AIM OF THE EXERCISE
Only the lines of the listing below that run from the line with "Lot 24 Driveway" through the line with "Picture 02 - Псалтирь" are to be set down, word for word. Pictures stay out.

SOURCE MATERIAL
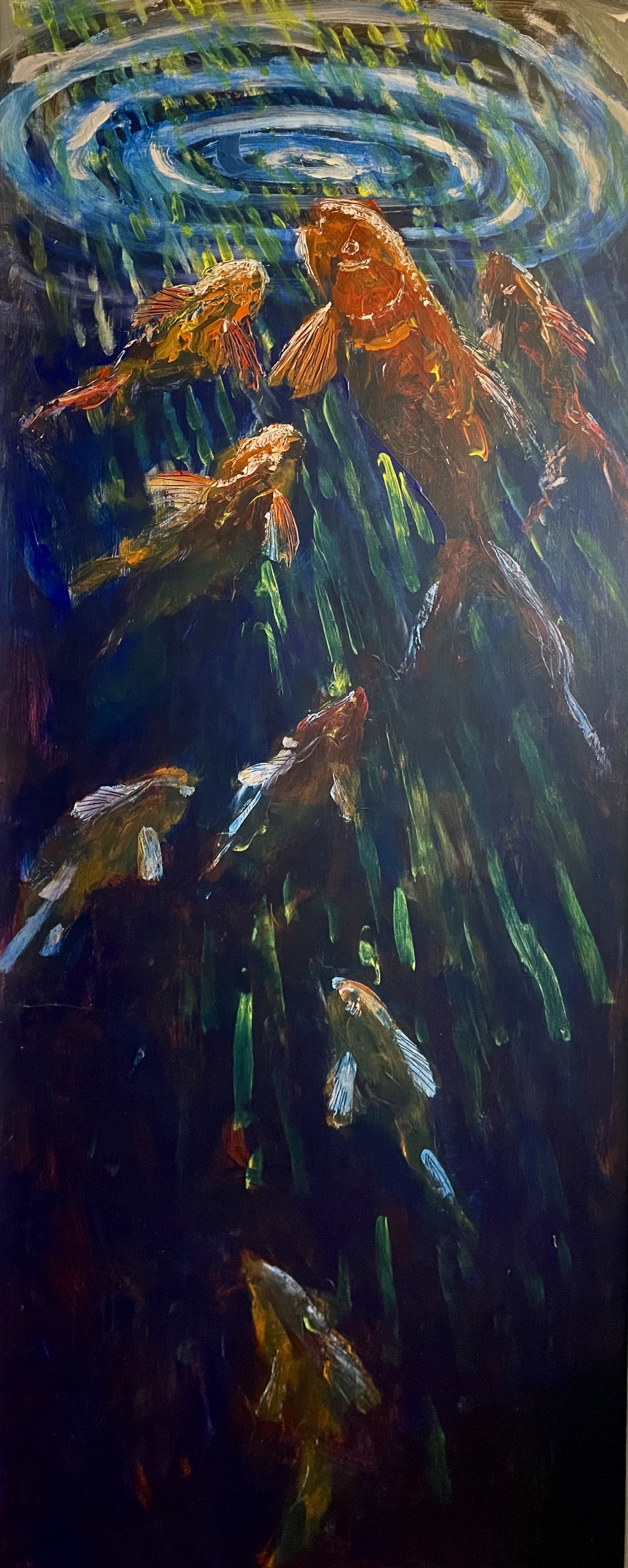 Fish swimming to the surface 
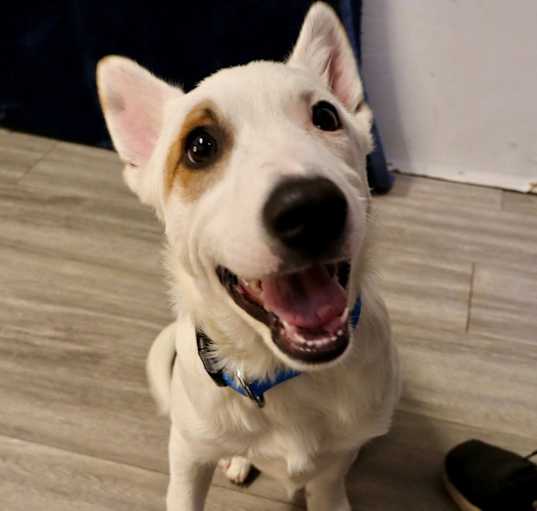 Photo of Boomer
---
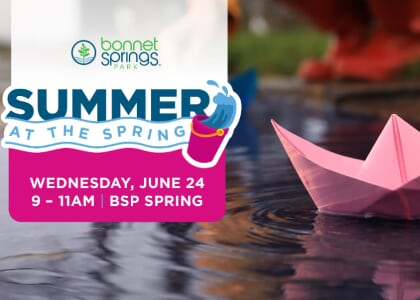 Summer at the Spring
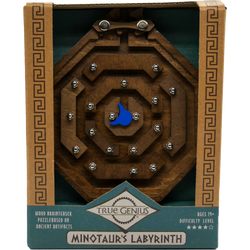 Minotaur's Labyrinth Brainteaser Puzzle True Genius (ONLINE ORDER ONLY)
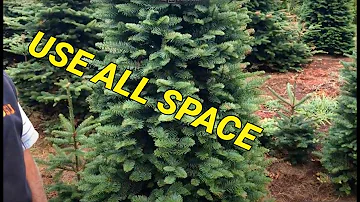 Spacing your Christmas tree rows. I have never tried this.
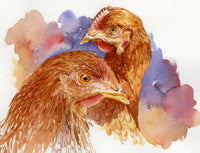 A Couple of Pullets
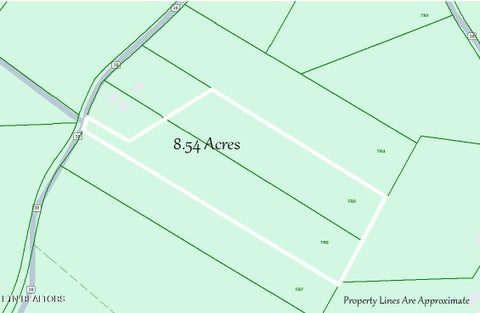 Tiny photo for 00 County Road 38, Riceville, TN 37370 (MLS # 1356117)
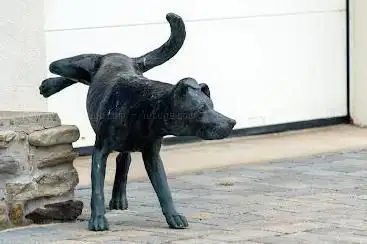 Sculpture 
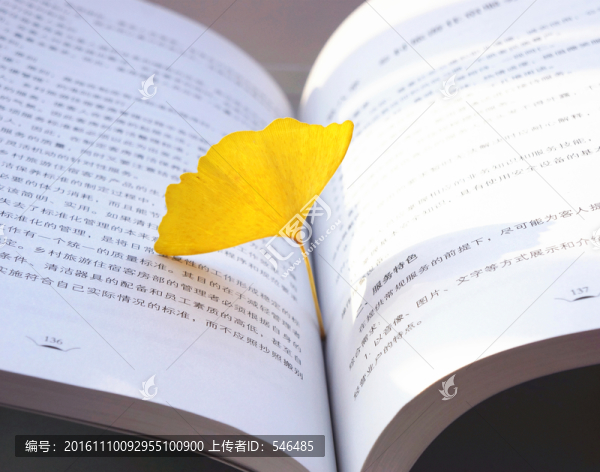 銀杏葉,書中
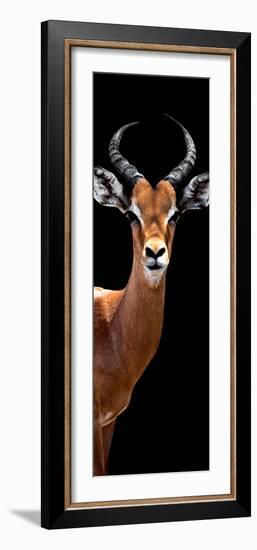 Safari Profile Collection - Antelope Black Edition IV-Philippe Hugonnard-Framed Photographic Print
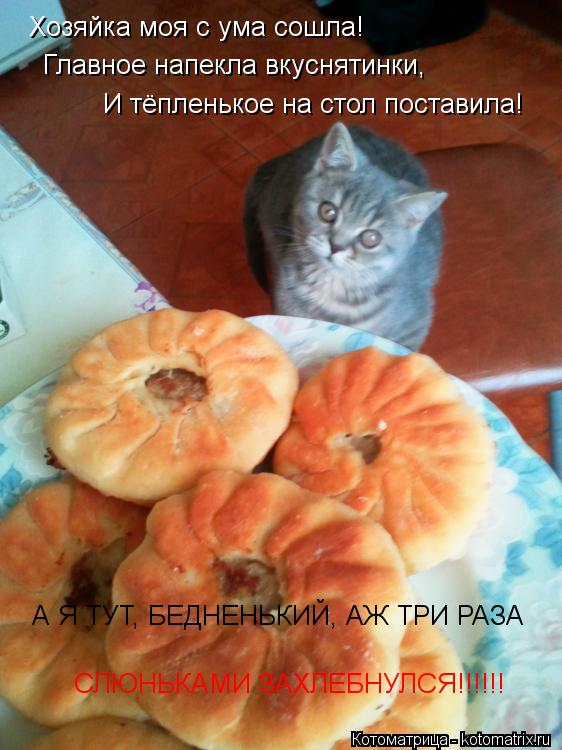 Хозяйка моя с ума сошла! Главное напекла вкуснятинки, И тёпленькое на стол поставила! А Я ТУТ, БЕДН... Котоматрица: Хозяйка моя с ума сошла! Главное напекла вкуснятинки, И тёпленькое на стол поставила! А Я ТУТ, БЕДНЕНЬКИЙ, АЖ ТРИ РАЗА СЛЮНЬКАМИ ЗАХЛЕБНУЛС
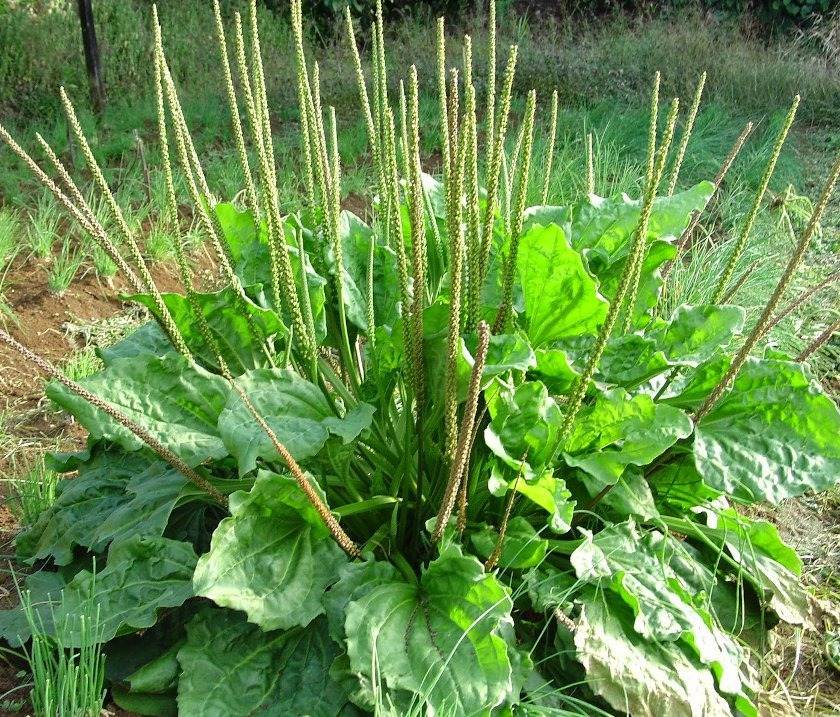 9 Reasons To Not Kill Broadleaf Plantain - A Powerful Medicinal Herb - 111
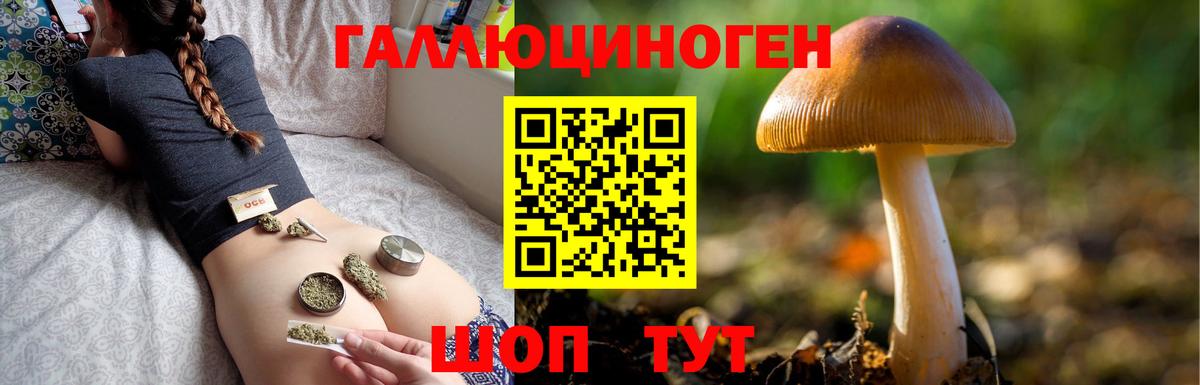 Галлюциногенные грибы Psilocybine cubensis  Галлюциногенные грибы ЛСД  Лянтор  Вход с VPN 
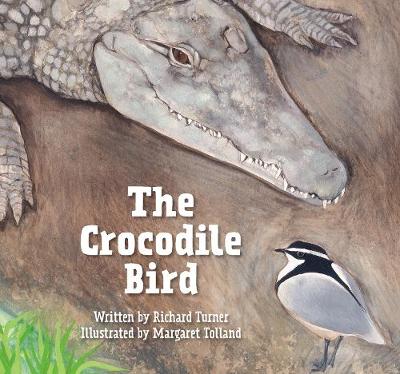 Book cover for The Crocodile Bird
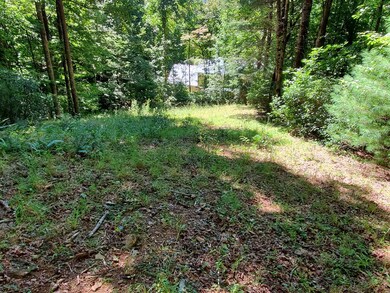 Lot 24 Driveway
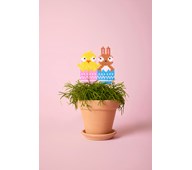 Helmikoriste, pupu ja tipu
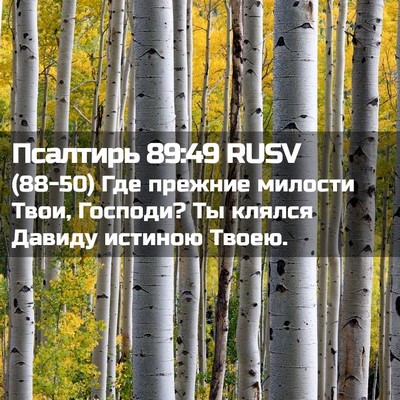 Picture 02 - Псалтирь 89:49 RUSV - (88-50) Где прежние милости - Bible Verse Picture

RESPONSE TO THIS TASK
 Lot 24 Driveway
 Helmikoriste, pupu ja tipu
 Picture 02 - Псалтирь 89:49 RUSV - (88-50) Где прежние милости - Bible Verse Picture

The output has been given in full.